In the upcoming year of 1929, Amelia placed third in the first Women s Air Derby in Santa Monica, California to Cleveland, Ohio. She set another record for women s of 181 miles per hour. On February 7, 1931 in Noank, New London, Amelia Mary Earhart and George Palmer Putnam were married. She asked George if she could keep her maiden name (Marlow 292). May 21, 1932, she made her flight across the Atlantic by plane the second solo time. Her name grew dramatically when she did it the second time around . She took action to help raise women s rights in aviation and ending male domination on the mew field. January 1935 made flight Hawaii to California, longer then United States to Europe. 1937, set around world with Fredrick Noonan, as her navigator, in a twin-engine Lockhead Electra. Completing more than two-thirds of her voyage in the distance, her plane vanished in Central Pacific near International Dateline (Earl 318).

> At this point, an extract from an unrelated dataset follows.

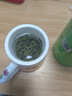 夷茗2025新茶五峰毛尖綠茶茶葉湖北宜昌芽毛尖春季新茶充足炒青綠茶 五峰毛尖 250g*2罐 曬單實(shí)拍圖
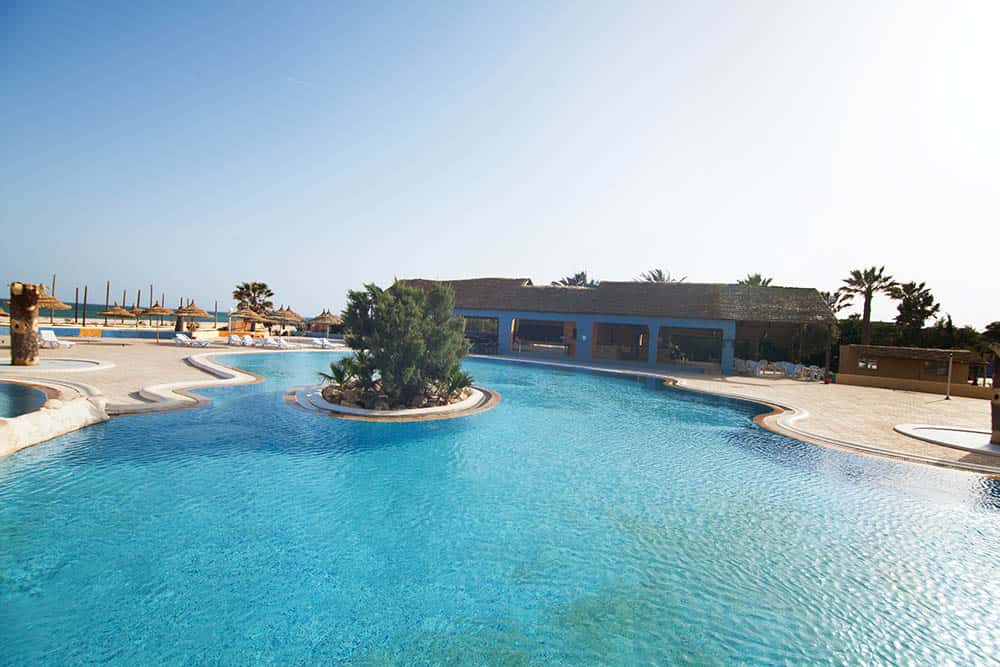 Tanfous Beach & Aquapark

Professor Thomas E. Devine believes there are signs of Mrs. Earhart in the presence of Saipan prior to the American invasion in June 1944(www.ameliaearhar). Earhart made her solo ensemble transatlantic flight from Harbour Grace, New Foundland, to Ireland in 1932. In 1935 she set a record the first solo from Hawaii to the American Mainland. All the great naval searches failed to locate her, it was obvious and airline services announce that she had been lost at sea(”Earhart” 528).
Through the great years of women society today, Amelia Earhart has become one of the most recognized female, that fled through the Atlantic twice. Outstanding possibilities some say that she has lived longer than tabloids present it to be. Early Earhart witnesses ponder this declaration. She accomplished many details and supported several events to progress women s right in everything that mattered. Flying was her favorite, she stated, ” I shall be happy if my small exploit has drawn attention to the fact that women, too, are flying.” And flying she did.